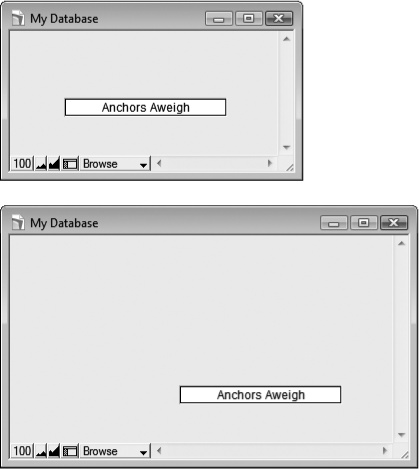 Top: This time the same object as in is anchored on the bottom and right instead.Bottom: Enlarging the window shows a very different result. FileMaker moves the object down and to the right to ensure that it keeps a constant distance from its anchored edges.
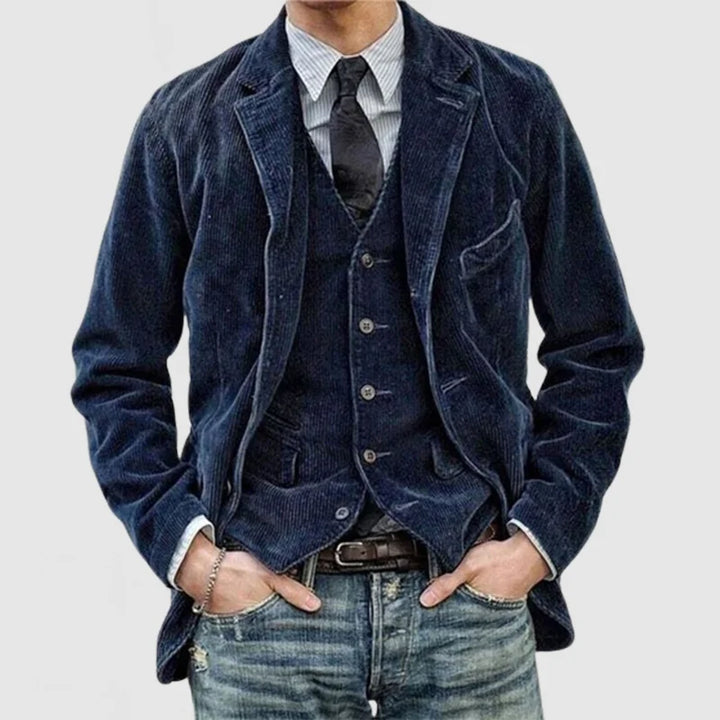 "Vintage Herren-Blazer und Weste im Retro-Stil, braun mit klassischem Schnitt, perfekt für elegante Anlässe."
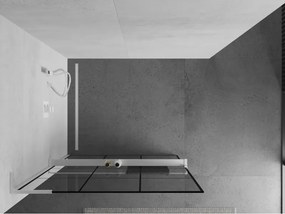 Mexen Kioto+ L, sprchová zástena Walk-In s poličkou a vešiakom 110 x 200 cm, 8mm číre sklo čierny vzor, biely profil, 800-110-123-20-77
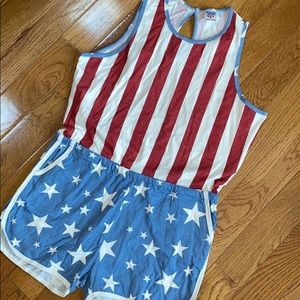 Junk Food American Flag Pocket Romper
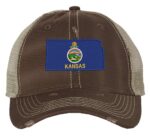Distressed Kansas Trucker Hat with embroidered state flag, rugged distressed finish, and breathable mesh back, adjustable strapback cap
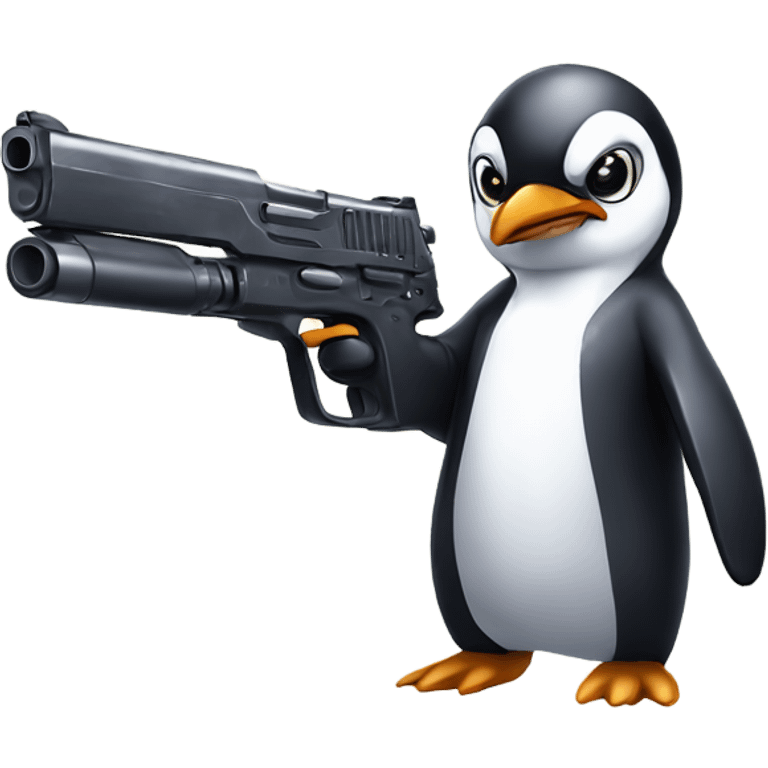 Penguin with gun anime emoji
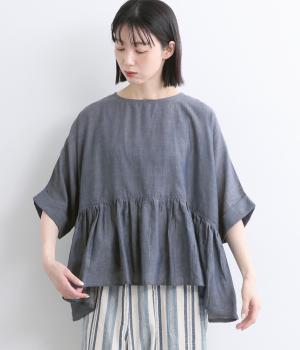 シャンブレーウエストギャザードルマンブラウス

**Task requirements:** Would you restate, exactly and with no pictures, the lines of the entries above from the one containing "Mexen Kioto+ L, sprchová" through the one containing "Junk Food American Flag Pocket Romper"?

**Completed exercise:**
 Mexen Kioto+ L, sprchová zástena Walk-In s poličkou a vešiakom 110 x 200 cm, 8mm číre sklo čierny vzor, biely profil, 800-110-123-20-77
 Junk Food American Flag Pocket Romper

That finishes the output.